As to why there are none of that breed of dog in the Spanish army, here's the clip: https://www.youtube.com/watch?v=UEuS1Ah84YY
I don't believe the "fact" for a moment, of course -- but it is a funny bit.
And just for the fun of it, here's a "final round" in which everyone comes up with wrong, but commonly believed, answers -- which is exactly what they're expected to do:
After watching that clip, you will perhaps wish to know who really did invent the practical, piloted helicopter rather than a children's toy. The first working piloted helicopter appeared in France.
As with many things, the word came before the thing -- a French writer coined the term from "helico" (spiral) and "pter" (wing) back in the 1800s.
And, by the way, when the Greeks began words with "pt" as in "pterodactyl," they pronounced both the p and the t. English doesn't do that, so we think it's somehow hard or unnatural to pronounce that sound combination. But in fact it's quite easy. Just like the "ps" sound at the beginning of "psychology."
I suggest you annoy your soon-to-be-former friends and family by always pronouncing the p in "psalm," "psoriasis," and "pseudo-". See how long it takes for them to suggest you visit a psychotherapist.
In the meantime, you can go on YouTube and watch many more snippets of QI in order to find much more interesting and entertaining trivia than you'll ever get from conversing with me or reading my column.
Or you can get a copy of a book called QI: The Book of General Ignorance, or its later edition, which proclaims itself to be "Noticeably Stouter." There are, here and there, amusing quotations from the show QI -- but mostly the book consists of interesting trivia.
I wish I could tell you that you could buy DVDs of the game show. In fact you can -- except that they won't play on US or Canadian DVD players. Thus Brits and Australians can watch the DVDs (regions 2 and 4) but we of region 1 cannot. There are petitions ...
Still, at qi.com/shop/ there are plenty of books tied to the show.

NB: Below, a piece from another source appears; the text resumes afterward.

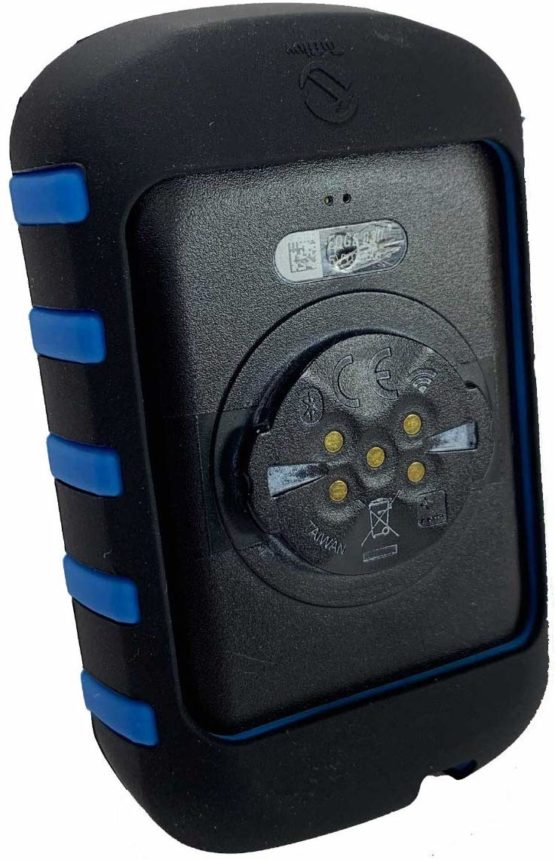 TUFF LUV Silicone Twin Dual Layer Double Protective Skin Case Compatible With Garmin Edge 830 - Black/Blue - Image 2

I think they probably make money with these books because people who enjoy QI are, like Jeopardy viewers, likely to spend some of their disposable time reading.
At qi.com/shop/ you will see that there are many titles, all listed under the slogan "laugh yourself clever." Since Brits use the word "clever" to mean what we mean when we say "smart," this is, of course, a lie.
If one could laugh oneself smart, watching The Daily Show wouldn't make you more ignorant -- which it has done to a sizable portion of America's young voters, training them to know only one side of every question and feel quite sure this makes them wiser than those who question the dogmas. Or simply know how to read.
Let's face it, most trivia is, in fact, trivial. For most of us, the working definition of "trivial" is "stuff I don't enjoy learning." For me, this includes any kind of statistics about sports. For others, it includes all of human history.
There are several ways to become good at trivia games and conversations. One is by spending your life reading good books in every subject area. Another is by keeping up with People magazine.
Both will lead you to know interesting facts that other people didn't know; but People facts will make you a "good conversationalist," while facts acquired by reading history and science and philosophy will make you a "bore."
Unless you can get yourself on a British comedy trivia program. And even then, an American accent will make you sound bossy and dull, so it won't much matter what you say. No one will listen.